The keystone of the Southern Strategy was Nixon's working with Strom Thurmond to get his endorsement and behind the scenes support for the 1968 Republican nomination. Nixon's concessions included nominating Supreme Court justices who reflected Thurmond's vies and pulling back on federal enforcement of integration (this was nearly 15 years after Brown.)
Look up Nixon's first two nominations for the Supreme Court: they were from South Carolina and Georgia.
South Carolina and Georgia are not in the upper south.
Nixon's first nominee was Warren Burger, but I see you are referring to two successive failed nominees to fill Fortas' seat. Yes, that is an instance of Nixon wanting to appeal to the South.

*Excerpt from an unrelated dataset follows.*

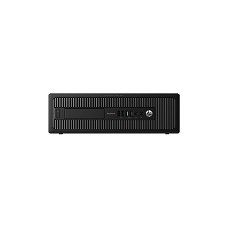 HP ProDesk 600 G1 SFF i5-4570 3,2GHz, 8GB DDR3, 240GB SSD, Win 10 Pro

The question of what constitutes the Southern Strategy is something of a semantic one, as there was a Dent strategy focused winning the support of the South for Nixon on the nomination and South Carolina with the support of Thurmond, and a Phillips strategy focused on the general election wherein the Outer South is appealed to as one part of a grand national strategy. The latter was what columnist Joe Alsop popularized as the "Southern Strategy" in 68. It is misleading to conflate the two, but perhaps it has to be said more accurately that there were a plurality of Southern strategies, with divisions over whether to follow them. Nixon's advisors certainly did not speak with anything like a singular voice.